China. Dairy and Products Semi-annual. Jun 2014 Червень 26, 2014
Post estimates that China’s 2014 fluid milk production will decline by three percent to 36 million tons due to herd reductions and stricter regulations on dairy/infant formula production. Strong consumer demand will continue to support record imports of fluid milk, non-fat dry milk powder and whole milk powder. Post’s 2014 fluid milk import figure remains unchanged at a record high of 300,000 tons. Imports of non-fat dry milk powder and whole milk powder are estimated at 330,000 tons and 900,000 tons, respectively. Given tight domestic supplies and high export prices, China’s exports are likely to decline to leading markets.
Post reduced its estimate for China’s 2014 fluid milk production by three percent to 36 million tons. China’s stricter domestic requirements for dairy/infant formula milk production are expected to reduce supplies by some small-scale producers. Post’s 2014 fluid milk imports remain unchanged at 300,000 tons; meanwhile, exports are lowered by 12 percent to 22,000 tons because of weak demand in Hong Kong and Myanmar. In 2013, small-scale dairy producers slaughtered low producing ‘cows in milk’ to take advantage of favorable beef prices.
China’s 2014 nonfat dry (NFD) milk production is estimated to fall four percent to 49,000 tons because of limited domestic raw milk supplies. NFD is not a traditional dairy product in China, and imports can satisfy domestic demand.
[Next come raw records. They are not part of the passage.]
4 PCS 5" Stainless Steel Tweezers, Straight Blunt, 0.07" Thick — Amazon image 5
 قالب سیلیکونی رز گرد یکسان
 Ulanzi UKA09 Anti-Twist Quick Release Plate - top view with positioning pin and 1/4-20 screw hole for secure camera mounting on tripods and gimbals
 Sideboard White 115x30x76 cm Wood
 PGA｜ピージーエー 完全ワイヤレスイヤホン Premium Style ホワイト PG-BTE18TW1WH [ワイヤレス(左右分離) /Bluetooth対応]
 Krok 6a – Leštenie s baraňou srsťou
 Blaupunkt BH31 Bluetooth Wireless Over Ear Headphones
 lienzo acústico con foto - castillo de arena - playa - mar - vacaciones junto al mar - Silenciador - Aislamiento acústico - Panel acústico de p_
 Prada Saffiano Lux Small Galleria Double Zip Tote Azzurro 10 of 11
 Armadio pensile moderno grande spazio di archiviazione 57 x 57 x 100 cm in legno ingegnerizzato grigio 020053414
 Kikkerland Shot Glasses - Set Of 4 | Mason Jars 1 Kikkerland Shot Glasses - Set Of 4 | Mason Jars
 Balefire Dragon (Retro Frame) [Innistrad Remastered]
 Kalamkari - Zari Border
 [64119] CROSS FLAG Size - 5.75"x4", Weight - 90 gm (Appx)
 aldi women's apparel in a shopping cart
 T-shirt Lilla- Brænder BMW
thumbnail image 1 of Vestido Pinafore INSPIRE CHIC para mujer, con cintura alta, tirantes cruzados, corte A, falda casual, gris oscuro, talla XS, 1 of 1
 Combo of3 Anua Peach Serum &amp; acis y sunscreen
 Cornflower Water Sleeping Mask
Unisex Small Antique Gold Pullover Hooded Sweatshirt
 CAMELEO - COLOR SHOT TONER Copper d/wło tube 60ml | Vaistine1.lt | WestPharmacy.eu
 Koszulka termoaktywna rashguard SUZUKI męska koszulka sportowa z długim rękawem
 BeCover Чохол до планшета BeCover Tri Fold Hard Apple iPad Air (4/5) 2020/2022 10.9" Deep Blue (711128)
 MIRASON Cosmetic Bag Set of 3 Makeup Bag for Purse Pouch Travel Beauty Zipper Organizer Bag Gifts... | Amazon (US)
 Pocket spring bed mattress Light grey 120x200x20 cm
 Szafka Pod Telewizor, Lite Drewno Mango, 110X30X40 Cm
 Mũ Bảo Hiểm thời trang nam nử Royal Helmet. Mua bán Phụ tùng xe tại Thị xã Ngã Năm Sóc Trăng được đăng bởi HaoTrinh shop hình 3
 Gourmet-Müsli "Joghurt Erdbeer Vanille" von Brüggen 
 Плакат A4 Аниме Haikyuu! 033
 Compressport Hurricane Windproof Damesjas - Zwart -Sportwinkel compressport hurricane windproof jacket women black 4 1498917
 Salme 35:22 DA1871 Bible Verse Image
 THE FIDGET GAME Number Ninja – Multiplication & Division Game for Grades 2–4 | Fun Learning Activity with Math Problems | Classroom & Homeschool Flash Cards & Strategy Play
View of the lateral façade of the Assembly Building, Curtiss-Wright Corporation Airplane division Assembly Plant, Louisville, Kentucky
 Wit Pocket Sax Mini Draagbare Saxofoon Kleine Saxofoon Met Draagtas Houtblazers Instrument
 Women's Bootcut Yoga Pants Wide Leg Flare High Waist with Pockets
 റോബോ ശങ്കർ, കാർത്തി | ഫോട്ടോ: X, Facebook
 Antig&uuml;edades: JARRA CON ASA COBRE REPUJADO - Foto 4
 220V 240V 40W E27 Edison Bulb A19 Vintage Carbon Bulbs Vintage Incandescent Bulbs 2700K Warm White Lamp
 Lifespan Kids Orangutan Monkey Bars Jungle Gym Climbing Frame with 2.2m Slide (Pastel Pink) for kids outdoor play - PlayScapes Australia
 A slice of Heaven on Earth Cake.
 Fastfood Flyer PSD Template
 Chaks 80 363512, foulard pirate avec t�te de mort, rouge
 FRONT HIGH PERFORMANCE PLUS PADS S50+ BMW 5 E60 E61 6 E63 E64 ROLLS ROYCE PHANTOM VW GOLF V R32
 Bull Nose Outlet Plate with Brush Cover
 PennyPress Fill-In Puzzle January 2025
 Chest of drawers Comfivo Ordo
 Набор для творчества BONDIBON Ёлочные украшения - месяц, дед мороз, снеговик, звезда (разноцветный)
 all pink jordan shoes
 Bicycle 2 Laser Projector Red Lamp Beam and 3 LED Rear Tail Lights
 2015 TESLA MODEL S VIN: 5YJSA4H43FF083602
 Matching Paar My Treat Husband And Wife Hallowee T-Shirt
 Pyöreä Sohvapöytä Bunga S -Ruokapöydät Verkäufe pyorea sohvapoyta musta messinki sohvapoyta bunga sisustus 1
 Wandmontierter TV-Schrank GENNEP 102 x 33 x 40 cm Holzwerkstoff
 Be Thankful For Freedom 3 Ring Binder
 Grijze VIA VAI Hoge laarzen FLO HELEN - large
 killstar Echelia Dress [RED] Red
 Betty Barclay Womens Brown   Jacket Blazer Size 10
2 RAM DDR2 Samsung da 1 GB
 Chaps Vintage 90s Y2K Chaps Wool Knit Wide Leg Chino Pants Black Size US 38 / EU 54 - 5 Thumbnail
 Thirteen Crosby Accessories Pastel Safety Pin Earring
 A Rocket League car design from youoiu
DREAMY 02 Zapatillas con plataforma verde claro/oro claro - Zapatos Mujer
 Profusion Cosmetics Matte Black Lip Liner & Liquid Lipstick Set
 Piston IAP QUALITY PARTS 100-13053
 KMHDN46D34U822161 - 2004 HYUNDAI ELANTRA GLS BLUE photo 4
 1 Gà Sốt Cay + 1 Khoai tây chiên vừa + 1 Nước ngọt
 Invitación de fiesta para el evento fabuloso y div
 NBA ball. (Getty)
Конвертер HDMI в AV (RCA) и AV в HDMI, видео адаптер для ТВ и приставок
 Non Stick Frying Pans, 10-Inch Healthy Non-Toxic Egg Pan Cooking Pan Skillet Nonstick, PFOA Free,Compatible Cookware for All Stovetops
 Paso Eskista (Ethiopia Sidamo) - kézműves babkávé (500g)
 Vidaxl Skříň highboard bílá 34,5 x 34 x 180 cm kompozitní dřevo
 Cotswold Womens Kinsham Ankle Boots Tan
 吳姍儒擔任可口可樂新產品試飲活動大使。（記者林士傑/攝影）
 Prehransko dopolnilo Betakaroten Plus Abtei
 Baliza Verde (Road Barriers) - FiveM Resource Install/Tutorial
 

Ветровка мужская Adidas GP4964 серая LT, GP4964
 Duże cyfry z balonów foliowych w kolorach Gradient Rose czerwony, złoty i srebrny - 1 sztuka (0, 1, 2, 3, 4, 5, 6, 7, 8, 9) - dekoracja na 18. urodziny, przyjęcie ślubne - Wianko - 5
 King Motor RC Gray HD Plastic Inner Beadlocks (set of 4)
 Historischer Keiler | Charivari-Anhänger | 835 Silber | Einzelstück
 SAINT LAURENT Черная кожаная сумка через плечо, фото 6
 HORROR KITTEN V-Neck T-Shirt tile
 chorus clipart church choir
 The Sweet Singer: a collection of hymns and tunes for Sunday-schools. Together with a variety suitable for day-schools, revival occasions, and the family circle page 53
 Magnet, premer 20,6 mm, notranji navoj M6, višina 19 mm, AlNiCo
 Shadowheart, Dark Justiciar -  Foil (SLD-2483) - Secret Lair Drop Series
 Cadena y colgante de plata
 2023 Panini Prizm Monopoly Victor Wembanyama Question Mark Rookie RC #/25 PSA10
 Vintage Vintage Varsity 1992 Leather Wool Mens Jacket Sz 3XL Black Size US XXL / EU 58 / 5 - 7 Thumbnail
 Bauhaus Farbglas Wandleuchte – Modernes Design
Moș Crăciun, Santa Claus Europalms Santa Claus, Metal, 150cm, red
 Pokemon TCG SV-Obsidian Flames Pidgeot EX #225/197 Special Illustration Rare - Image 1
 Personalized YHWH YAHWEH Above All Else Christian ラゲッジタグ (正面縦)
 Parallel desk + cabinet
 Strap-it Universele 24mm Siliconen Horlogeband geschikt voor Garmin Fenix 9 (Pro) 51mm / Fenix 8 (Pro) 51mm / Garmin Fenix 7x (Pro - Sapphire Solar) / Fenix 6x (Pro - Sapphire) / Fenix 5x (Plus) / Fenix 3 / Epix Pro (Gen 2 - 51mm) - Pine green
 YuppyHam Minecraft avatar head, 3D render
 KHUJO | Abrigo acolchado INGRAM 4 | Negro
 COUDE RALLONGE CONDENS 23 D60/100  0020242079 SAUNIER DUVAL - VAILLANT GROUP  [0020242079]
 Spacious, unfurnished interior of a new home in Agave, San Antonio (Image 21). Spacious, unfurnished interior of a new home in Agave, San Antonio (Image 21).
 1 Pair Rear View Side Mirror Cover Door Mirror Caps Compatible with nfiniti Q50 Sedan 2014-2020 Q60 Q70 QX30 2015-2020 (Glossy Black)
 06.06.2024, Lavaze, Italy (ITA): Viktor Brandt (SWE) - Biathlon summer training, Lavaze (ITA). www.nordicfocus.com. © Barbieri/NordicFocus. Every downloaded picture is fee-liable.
Post estimates that China’s 2014 NFD imports will reach 330,000 tons, 32 percent higher than USDA’s official forecast. Sources note that NFD milk imports are becoming a substitute for whey imports due to price competitiveness.
Post estimates that China’s 2014 whole milk powder (WMP) production will decline by four percent to 1.25 million tons; however, imports will support a WMP consumption increase to 2.15 million tons. Similar to NFD, part of WMP is used as a base powder material for infant formula productions. China’s stricter requirements for imported infant formula milk powder as of May 2014 will allow major Chinese domestic plants to expand infant formula milk powder production by importing more NFD and WMP as base powder material. Therefore, Post estimates China’s 2014 WMP imports at 900,000 tons, a 28 percent increase over USDA’s official forecast.
Post lowered its estimate for China’s 2014 fluid milk production to 36 million tons, a decrease of three percent to USDA’s official forecast. Small-scale dairy producers’ compliance with China’s stricter requirements on local milk production is expected to result in fewer supplies. Post finalized its China 2013 fluid milk production figure at 34.3 million tons, a one percent decrease from USDA’s official estimate, due to a fewer-than-expected number of ‘cows in milk’. Small-scale dairy producers slaughtered low producing animals to take advantage of favorable beef prices which were up by 30 percent in 2013.
China’s 2013 average farm gate milk price (year-on-year) increased by 10 percent to RMB 3,745 ($604) per ton. Dairy producers are increasingly paying attention to animal feed nutrition to improve yields and capitalize on higher milk prices. China’s abundant 2013-14 grain/grass harvests and alfalfa imports played a role in improved milk yields.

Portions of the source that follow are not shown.